Personal information
- Full name: Lyudmila Stepanovna Buldakova (Meshcheryakova)
- Born: May 25, 1938 Leningrad, RSFSR, Soviet Union
- Died: November 7, 2006 (aged 68) Moscow, Russia
- Height: 5 ft 7 in (1.70 m)
- Weight: 146 lb (66 kg)

Volleyball information
- Position: Setter, spiker

National team
| 1955-1972 | Soviet Union |

Honours
Women's volleyball
Representing Soviet Union
Olympic Games
| Gold medal – first place | 1968 Mexico City | Team |
| Gold medal – first place | 1972 Munich | Team |
| Silver medal – second place | 1964 Tokyo | Team |
World Championship
| Gold medal – first place | 1956 France | Team |
| Gold medal – first place | 1960 Brazil | Team |
| Gold medal – first place | 1970 Bulgaria | Team |
| Silver medal – second place | 1962 Soviet Union | Team |
European Championship
| Gold medal – first place | 1958 Czechoslovakia | Team |
| Gold medal – first place | 1967 Turkey | Team |
| Gold medal – first place | 1971 Italy | Team |
| Silver medal – second place | 1955 Romania | Team |

= Lyudmila Buldakova =

Soviet volleyball player (1938–2006)

Lyudmila Stepanovna Buldakova (May 25, 1938 – November 7, 2006) was a Soviet and Russian volleyball player. She was a two-time Olympic gold medalist with the Soviet national team.

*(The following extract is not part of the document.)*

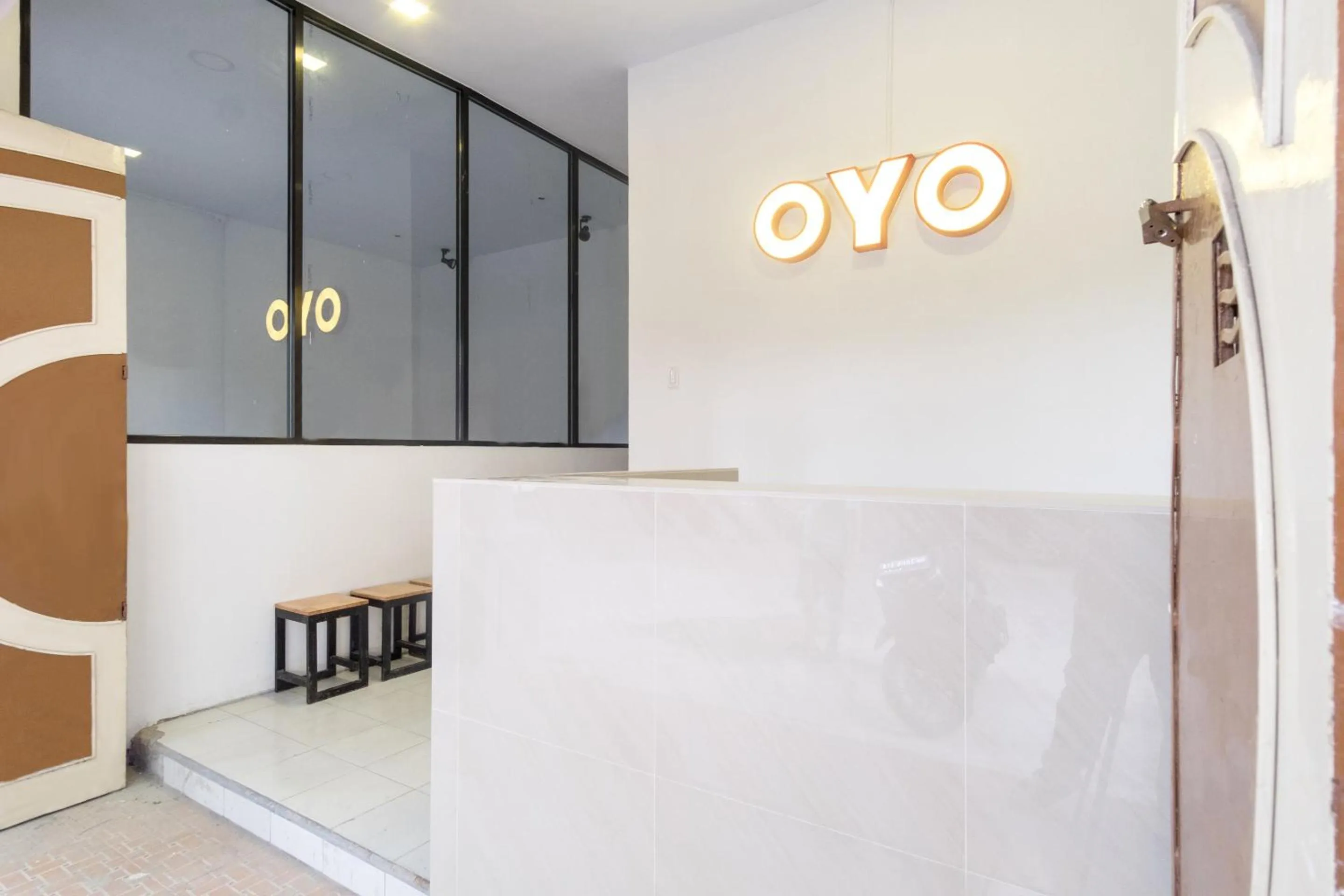 Lobby or reception in Hotel O Metropolitan Homestay Near Komplek Asia Megamas Medan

Buldakova had a long career in the Soviet national team, from 1955 through 1972, serving as the team captain in the last few years. At that time, the Soviet Union and Japan were the dominant nations in women's volleyball, and Buldakova and her team captured many titles. At the World Championships, she won the title in 1956, 1960 and 1970, while placing second in 1962 (the USSR boycotted the 1967 edition). The Soviet Union placed second behind Japan in the sport's Olympic debut in 1964, but then went on to win the gold in 1968 and 1972. Buldakova also became European Champion in 1958, 1967 and 1971, placing second in 1955, while missing the 1963 edition (which was won by the Soviet Union). In club play, Buldakova first played for Zalgiris Kaunas, before moving to Dynamo Moskva. With them, she won five USSR titles, and eight European Cups. After her retirement in 1975, she continued to be involved in volleyball as a children's coach.

The Lyudmila Buldakova Award, named after her, is the prize for the Russian Women's Volleyball Super League best player, created by the Russian Volleyball Federation after her death.

She became an inductee of the International Volleyball Hall of Fame in 2012.